During dinner he said nothing on the subject, nor did she. They were attended by a page in buttons whom he had hired to wait upon her, and the meal passed off almost in silence. She looked up at him frequently and saw that his brow was still black. As soon as they were alone she spoke to him, having studied during dinner what words she would first say: ‘Are you going down to the club tonight!’ He had told her that the matter of this election had been taken up at the Progress, and that possibly he might have to meet two or three persons there on this evening. There had been a proposition that the club should bear a part of the expenditure, and he was very solicitous that such an arrangement should be made.

‘No,’ said he, ‘I shall not go out to-night. I am not sufficiently light-hearted.’

‘What makes you heavy-hearted, Ferdinand?’

‘I should have thought you would have known.’

‘I suppose I do know — but I don’t know why it should. I don’t know why you should be displeased. At any rate, I have done nothing wrong.’

‘No; — not as to the letter. But it astonishes me that you should be so — so bound to this man that-’

‘Bound to him, Ferdinand!’

‘No; — you are bound to me. But that you have so much regard for him as not to see that he has grossly insulted you.’

‘I have a regard for him.’

‘And you dare to tell me so?’

‘Dare! What should I be if I had any feeling which I did not dare to tell you? There is no harm in regarding a man with friendly feelings whom I have known since I was a child, and whom all my family have loved.’

‘Your family wanted you to marry him!’

‘They did. But I have married you, because I loved you. But I need not think badly of an old friend, because I did not love him. Why should you be angry with him? What can you have to be afraid of?’ Then she came and sat on his knee and caressed him.

‘It is he that shall be afraid of me,’ said Lopez. ‘Let him give the borough up if he means what he says.’

‘Who could ask him to do that?’

‘Not you — certainly.’

‘Oh, no.’

‘I can ask him.’

‘Could you, Ferdinand?’

‘Yes; — with a horsewhip in my hand.’

‘Indeed, indeed you do not know him.
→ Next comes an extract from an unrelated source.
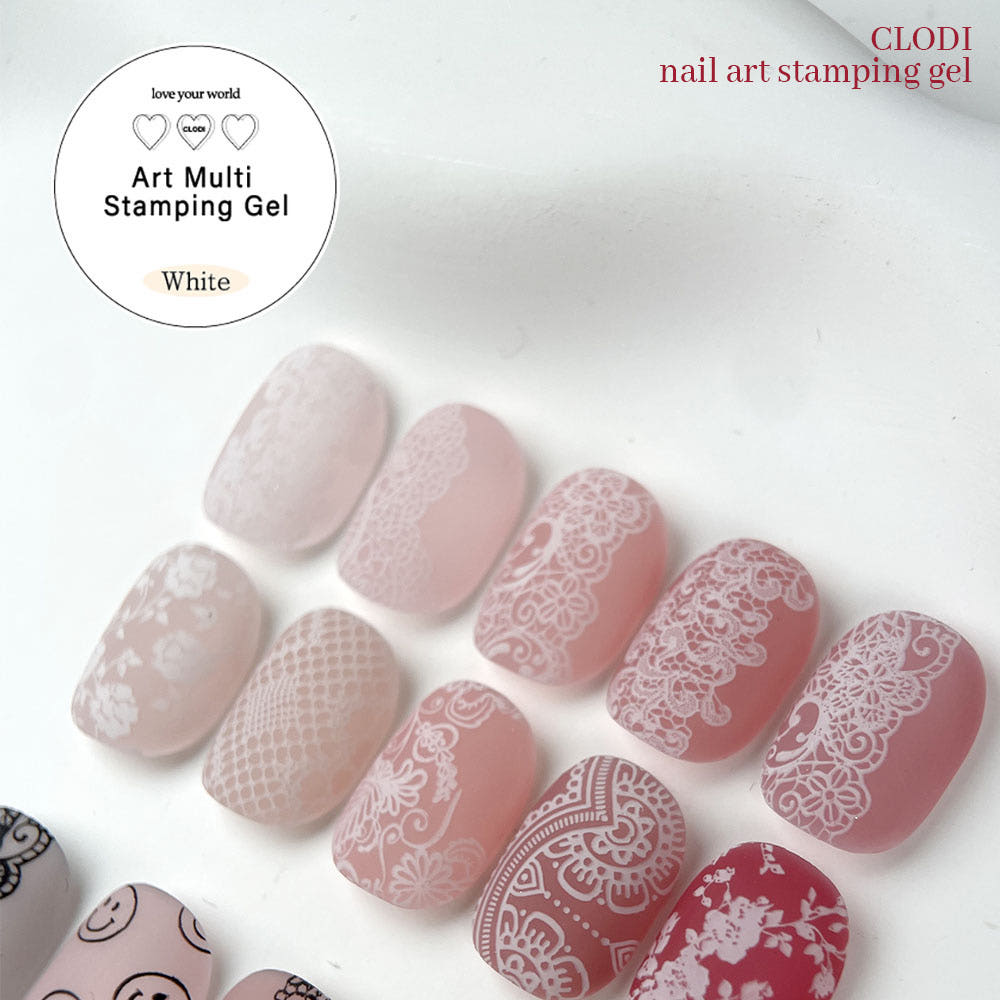 【CLODI / 受注販売(6月末前後納期)】Art Multi Stamping Gel 3 Colors Set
Will you do this; — will you tell my father everything, and leave it to him to say whether Mr Fletcher has behaved badly to you?’
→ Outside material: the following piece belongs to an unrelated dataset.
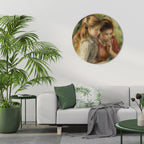 WHISPERS OF FRIENDSHIP Round Wall Art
‘Certainly not. I will not have any interference from your father between you and me. If I had listened to your father, you would not have been here now. Your father is not as yet a friend of mine. When he comes to know what I can do for myself, and that I can rise higher than these Hertfordshire people, then perhaps he may become my friend. But I will consult him in nothing so peculiar to myself as my own wife. And you must understand that in coming to me all obligation from you to him become extinct. Of course he is your father; but in such a matter as this he has no more say to you than any stranger.’ After that he hardly spoke to her; but sat for an hour with a book in his hand, and then rose and said that he would go down to the club. ‘There is so much villainy about,’ he said, ‘that a man if he means to do anything must keep himself on the watch.’
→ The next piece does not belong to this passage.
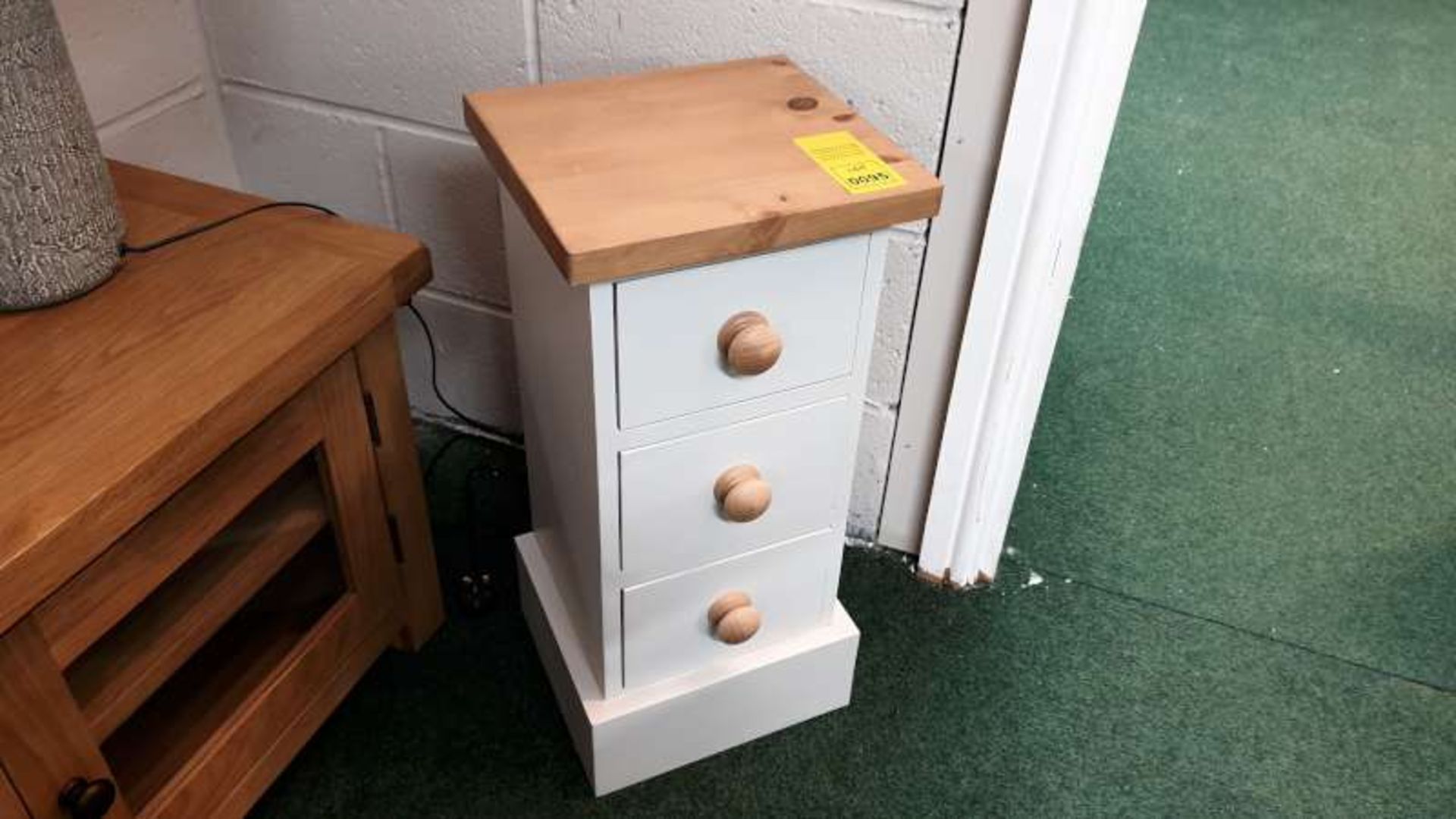 BERGEN NARROW BEDSIDE UNIT WITH 3 DRAWERS RRP £229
When she was alone she at once burst into tears; but she soon dried her eyes, and putting down her work, settled herself to think of it all. What did it mean? Why was he thus changed to her? Could it be that he was the same Ferdinand to whom she had given herself, without a doubt as to his personal merit? Every word that he had spoken since she had shown him the letter from Arthur Fletcher had been injurious to her, and offensive. It almost seemed as though he had determined to show himself to be a tyrant to her, and had only put off playing the part till the first convenient opportunity after their honeymoon. But through all this, her ideas were loyal to him. She would obey him in all things where obedience was possible, and would love him better than all the world. Oh yes; — for was he not her husband? Were he to prove himself the worst of men she would still love him. It had been for better or for worse; and as she had repeated the words to herself, she had sworn that if the worst should come, she would still be true.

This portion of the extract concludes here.